Top 10 TED Talks for MBA Students

TED talks bring the greatest minds to the stage, from which they can share their experience about just about anything. Here are the top 10 talks about business for MBA students.

#1. Simon Sinek: How Great Leaders Inspire Action


Sinek’s TED talk deserves to be the most-watched. In it, he describes the “Golden Circle” and explains the approach of great leaders. Apple and Martin Luther King, Jr. serve prominently as his examples. Their secret? Don’t start the conversation with how you do what you do, but why you do it.

#2. Amy Cuddy: Your Body Language Shapes Who You Are


Cuddy explores the largely understood significance of non-verbal language. Illustrating its importance with early examples of unrecoited handshake offers, she quickly transitions into what body language can do for you. It turns out that emotion doesn’t just influence our bodies, but our bodies also influence our emotions. The professional
implications are staggering. Landing a job, securing a client and increasing your at-work pleasure can all be done with the right body language!

#3. Tony Robbins: Why We Do What We Do


Robbins is a big man and a quick talker.
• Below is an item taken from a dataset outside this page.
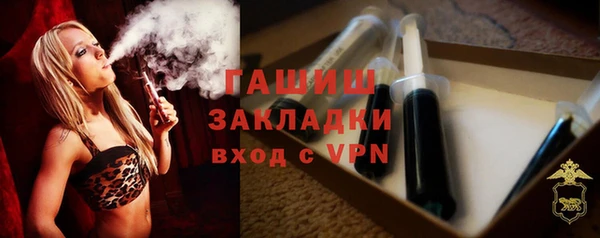 эйфоретик Баксан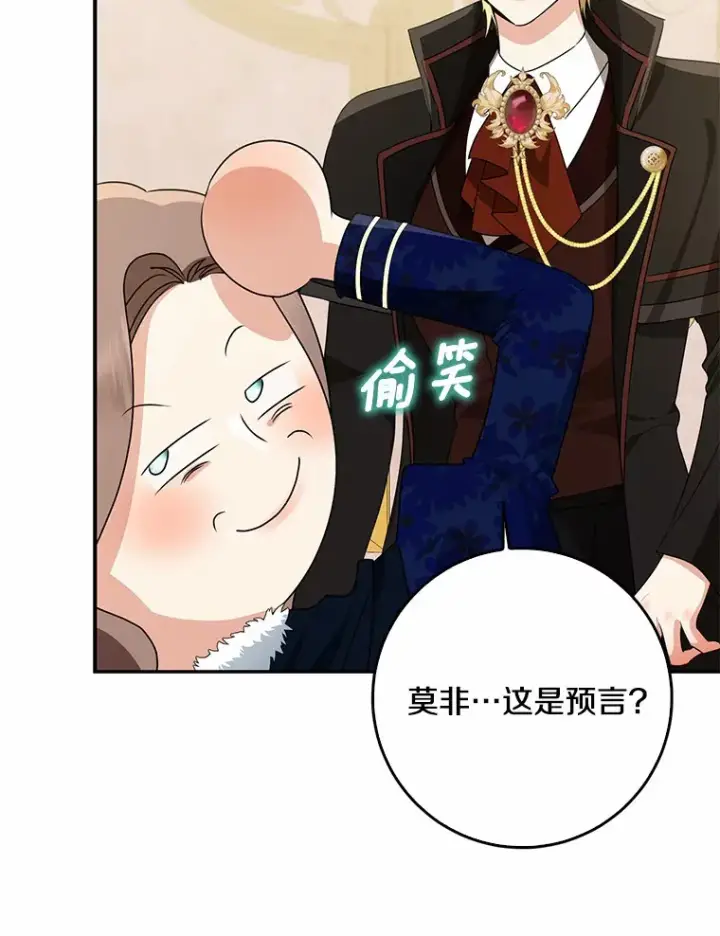 漫画《我的暴君变成小孩儿了》50.那一天（2）第101张图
His talk is a highly condensed version of his typical 50-hour seminars in which he explains his position as a “Why Guy.” After assuring the audience he is not a motivational speaker, he jumps right into discussing the invisible forces that drive us: emotion, state of mind, world view, etc. Also, there’s a weird cameo with Al Gore.
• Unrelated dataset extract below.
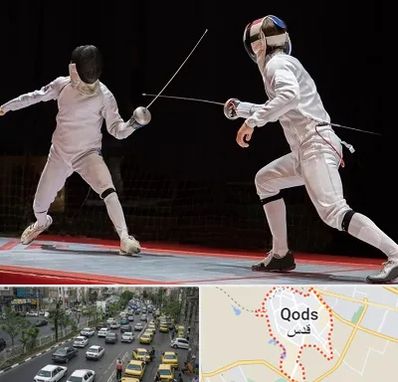 باشگاه شمشیربازی در شهر قدس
#4. Dan Pink: The Puzzle of Motivation


Pink puts the traditional workforce reward system on blast. The old ways of motivating employees to succeed make sense intuitively, but do they work? A 40-year tradition of motivation misses the mark. As it turns out, the real motivation doesn’t come from things, things, things. It comes from somewhere else.
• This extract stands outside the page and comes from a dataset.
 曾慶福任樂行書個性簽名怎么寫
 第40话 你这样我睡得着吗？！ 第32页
#5. Susan Cain: The Power of Introverts


A bookworm since childhood, Cain still remembers the time her camp counselor made her store her literature under the bed. She’s an introvert, but she’s knows she’s not alone. History’s leaders, she argues, aren’t necessarily best when they’re loud, confident and certain. Sometimes the contemplative introvert has an arsenal all her own and Cain explores it beautifully.

#6. Shawn Achor: The Happy Secret to Better Work


Achor’s very personality screams happiness. He seems like the authority to speak on the subject. As we bud into adulthood, the merit of work is made clear to use. Hard work means success. Success means freedom. Freedom means happiness. The harder we work, it follows, the more we should be happy, right? Achor flips that conventional wisdom on its head and suggests a simple alternative: be happy first.

#7. Barry Schwartz: The Paradox of Choice


Schwartz is smart. You can see it when he takes the stage. A psychologist by profession, it’s no surprise that Schwartz wants to tackle the way that we think. He confidently assesses the surest of human freedoms: the freedom of choice. While our many decisions seem to give us all the opportunity we could want, we’re actually paralyzed. Are you paralyzing your customers?

#8. Richard St. John: 8 Secrets of Success


The shortest of the most popular TED talks, St. John rattles off the top 8 secrets to business success at breakneck speed. The secrets, it turns out, aren’t nearly as secretive as we may have believed. Sometimes, though, even the obvious needs stating. This 3-minute video is jam-packed with useful information. Stop reading. Watch it.

#9. Amanda Palmer: The Art of Asking


Palmer is a self-proclaimed freak with an interesting past. A liberal arts education and a 5-year work history as a self-employed street statue gave her a unique perspective. In the wake of her success as a musician, she encourages everyone to use the revolutionary marketing secret she discovered on her path. Don’t charge money for music–just ask for it.

#10. Jamie Oliver: Teach Every Child About Food


Oliver tackles one of the biggest industries the world has ever known. Everybody needs to eat, and so there’s lots of money in it. But is it the right food? Do we know what we’re eating? What we’re learning about food doesn’t come from home any longer. It comes from the businesses that produce it. In a world where the dollar runs everything, are we erroneously letting money influence things where business has no place?